• **What you should do**:
Copy out exactly the stretch of the listing below that begins at the line containing "Load image into" and ends at the line containing "Silver Floral Waterfall Print Cotton T-shirt", and copy nothing outside it.

• **Exercise data**:
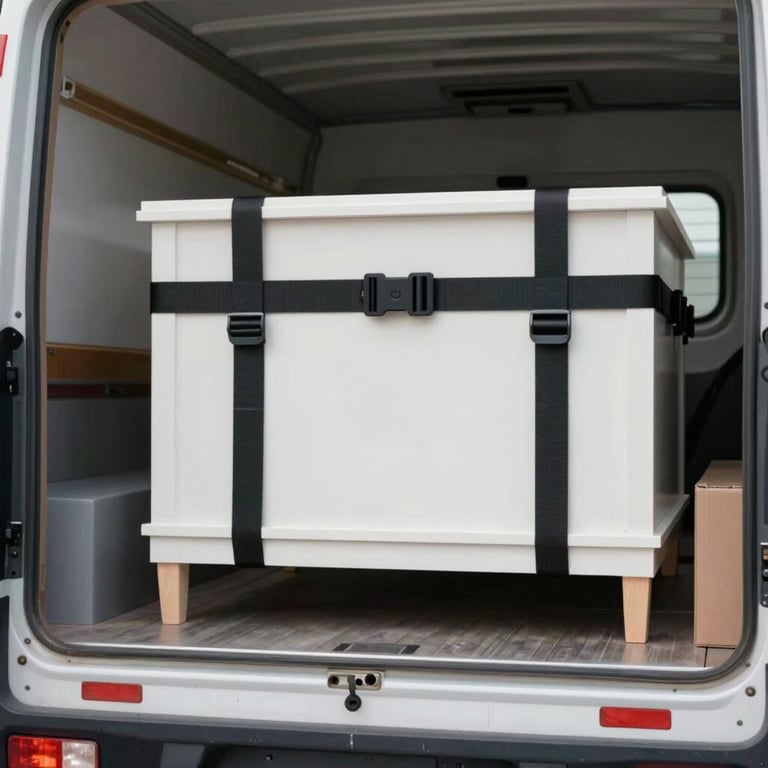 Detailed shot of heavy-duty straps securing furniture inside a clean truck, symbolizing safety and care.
...
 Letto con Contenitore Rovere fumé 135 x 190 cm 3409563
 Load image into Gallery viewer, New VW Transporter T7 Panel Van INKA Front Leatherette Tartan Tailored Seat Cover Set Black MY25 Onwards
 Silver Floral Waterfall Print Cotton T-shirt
==
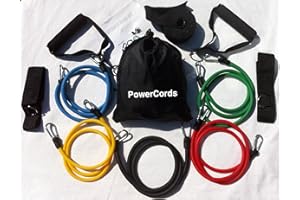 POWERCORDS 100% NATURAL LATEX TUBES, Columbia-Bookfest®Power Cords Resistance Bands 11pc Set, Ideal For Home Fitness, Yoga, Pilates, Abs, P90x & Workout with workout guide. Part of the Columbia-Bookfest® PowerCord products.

• **Answer to this exercise**:
 Load image into Gallery viewer, New VW Transporter T7 Panel Van INKA Front Leatherette Tartan Tailored Seat Cover Set Black MY25 Onwards
 Silver Floral Waterfall Print Cotton T-shirt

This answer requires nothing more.